3. I'd argue that the tenure system worked quite well despite its flaws. If anything tenure doesn't give the same guarantees it gave half a century ago, so people are still incentivized to continue running the rat race. If you still want to hold them accountable maybe a much longer cycle might be okay, perhaps 15 years? 5 year contract sounds like hell for most fields. Some of the most interesting work I did took more than that time to bear fruition and that's not uncommon.
Only thing I'll agree with you is that we should make sure that whatever new process is conceived must try to correct perverse incentives for women, given how the current system plays against some common life choices they might want to make (having kids).
> Why will any self respective smart person want to throw their intelligence away for a pittance? You want them to be smart with science and stupid with money is it?
Because it buys them the freedom to do what they want in terms of research, rather than being a slave to a certain agenda, or a quota, or what have you. Science progresses by empowering curious people. If a researcher was interested in making money, then they would focus on money-making discoveries and spin off startups (which already happens plenty now).
> There shouldn't be more researchers, there should be less. My decade-long experience with academia has been that too many people who aren't exactly scientifically smart (more smart at socializing and grant writing) are too established.
That's because the academic and publishing incentives are all skewed, like the OP said, not because we have too many people doing research. If the low-hanging fruit has been plucked, then we need more eyeballs looking at things from all sorts of different perspectives to find pieces that don't quite fit our established theories.
I have an agreement and a disagreement with your take:
* I agree that reducing salaries for academics will only make the currently misplaced incentives worse. It will deprive society from the valuable research that more competent and talented folks would have done. In my mind, the key point in all these budgetary conversations is the ballooning bureaucratic/administrative layer that is eating up more and more of the budget and making it harder for universities, as collectives of teachers and researchers, to adapt to the evolving priorities of the real world.

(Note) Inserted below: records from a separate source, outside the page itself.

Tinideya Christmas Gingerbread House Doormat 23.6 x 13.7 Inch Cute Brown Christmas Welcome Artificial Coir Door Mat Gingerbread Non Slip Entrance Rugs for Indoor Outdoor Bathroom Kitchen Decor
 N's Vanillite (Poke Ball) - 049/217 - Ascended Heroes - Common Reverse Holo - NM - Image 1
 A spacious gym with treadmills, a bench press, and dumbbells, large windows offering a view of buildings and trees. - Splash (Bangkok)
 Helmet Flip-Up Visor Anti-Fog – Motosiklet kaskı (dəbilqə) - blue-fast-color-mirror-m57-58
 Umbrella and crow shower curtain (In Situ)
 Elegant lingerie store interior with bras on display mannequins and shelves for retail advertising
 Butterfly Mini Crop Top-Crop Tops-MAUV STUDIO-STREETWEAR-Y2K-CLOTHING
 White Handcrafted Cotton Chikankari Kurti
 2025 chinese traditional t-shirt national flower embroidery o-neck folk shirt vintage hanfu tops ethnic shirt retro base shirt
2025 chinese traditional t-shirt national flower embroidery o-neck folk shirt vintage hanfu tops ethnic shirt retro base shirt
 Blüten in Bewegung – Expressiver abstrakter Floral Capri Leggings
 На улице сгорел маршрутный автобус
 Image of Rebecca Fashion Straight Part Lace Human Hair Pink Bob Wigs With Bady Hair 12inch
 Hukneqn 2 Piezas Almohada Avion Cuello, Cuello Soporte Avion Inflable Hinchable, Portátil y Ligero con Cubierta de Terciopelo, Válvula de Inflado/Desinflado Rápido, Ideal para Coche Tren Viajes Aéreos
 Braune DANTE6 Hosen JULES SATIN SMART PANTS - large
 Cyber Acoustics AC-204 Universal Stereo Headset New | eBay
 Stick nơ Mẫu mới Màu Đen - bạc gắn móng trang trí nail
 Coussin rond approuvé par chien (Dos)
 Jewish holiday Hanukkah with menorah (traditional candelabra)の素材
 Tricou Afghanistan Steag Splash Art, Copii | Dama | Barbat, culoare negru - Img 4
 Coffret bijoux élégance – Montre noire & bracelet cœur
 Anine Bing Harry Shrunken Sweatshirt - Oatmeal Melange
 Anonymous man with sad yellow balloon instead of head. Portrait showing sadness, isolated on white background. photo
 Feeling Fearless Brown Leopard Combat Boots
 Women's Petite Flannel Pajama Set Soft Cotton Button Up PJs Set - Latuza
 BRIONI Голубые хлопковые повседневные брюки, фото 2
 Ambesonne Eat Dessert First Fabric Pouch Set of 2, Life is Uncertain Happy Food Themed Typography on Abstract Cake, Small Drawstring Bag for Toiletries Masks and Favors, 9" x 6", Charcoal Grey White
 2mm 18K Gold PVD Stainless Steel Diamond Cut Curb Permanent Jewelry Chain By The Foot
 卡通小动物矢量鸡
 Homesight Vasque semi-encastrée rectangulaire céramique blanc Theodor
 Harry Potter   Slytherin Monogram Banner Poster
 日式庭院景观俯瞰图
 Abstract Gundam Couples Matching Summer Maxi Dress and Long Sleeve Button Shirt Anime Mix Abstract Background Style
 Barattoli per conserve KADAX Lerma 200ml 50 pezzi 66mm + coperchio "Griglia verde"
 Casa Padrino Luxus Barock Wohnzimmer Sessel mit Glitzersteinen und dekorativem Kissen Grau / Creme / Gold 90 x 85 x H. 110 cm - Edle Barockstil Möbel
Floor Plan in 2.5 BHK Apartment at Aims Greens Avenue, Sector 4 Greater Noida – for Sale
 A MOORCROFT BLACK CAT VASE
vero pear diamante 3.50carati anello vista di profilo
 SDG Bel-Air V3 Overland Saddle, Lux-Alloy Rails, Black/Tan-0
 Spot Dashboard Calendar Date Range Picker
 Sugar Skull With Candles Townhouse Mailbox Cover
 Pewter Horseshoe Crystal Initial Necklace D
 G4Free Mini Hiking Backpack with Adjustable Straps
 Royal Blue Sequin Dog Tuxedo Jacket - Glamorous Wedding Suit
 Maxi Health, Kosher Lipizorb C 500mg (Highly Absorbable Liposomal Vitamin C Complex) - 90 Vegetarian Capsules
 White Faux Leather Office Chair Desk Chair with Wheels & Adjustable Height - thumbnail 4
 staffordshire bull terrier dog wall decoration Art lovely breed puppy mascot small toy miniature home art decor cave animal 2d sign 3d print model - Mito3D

* I disagree that there should be less researchers. Fewer academics, maybe, but we definitely need more people who can make a lifestyle out of entirely or partially doing research. My admittedly anecdotal impression is that for every "not exactly scientifically smart" person who secures tenure, there are a handful of would-have-been-great researchers who just get fed up and leave academia despite having the passion, competence, and the willingness to even make a few sacrifices.
IMHO we have cornered ourselves into a false dichotomy (broad strokes here, there are exceptions of course): either (a) you are an academic, you have to pull 60 hr weeks to do any meaningful research, and you have to deal the ossified structural issues of academia, or (b) you are out in the wild, make a lot more money, but you spend your 40 hr weeks towards maximizing short-term profits of your employer. I would think were there a viable alternative to this dichotomy that many passionate and competent people would happily make some reasonable sacrifices (in pay, work hours) to engage meaningfully in much-needed research.
As someone who has now experienced both sides of the dichotomy (80 hr weeks underpaid and overworked in academia, 40hr weeks bored out of mind doing coding), a compromise would be great.
Personally I'm hoping to keep my job to pay the bills and start a garage lab and pursue my passions in science. It'll severely be underfunded, but I'm hoping to conceive things that can be done with machines that hopefully costs only as much as a boat would. Further, Richard hamming is on to something [1] when he suggests that great science happens when resources are scarce.
I don't think reducing salaries will have any effect on the caliber of academics. There are a ton of graduate students, postdocs, and research scientists glad to work for less. Most are just as qualified as the faculty who supervise them. Likewise, the quality at faculty at elite schools and state schools is identical; the key difference in research output comes from access to resources.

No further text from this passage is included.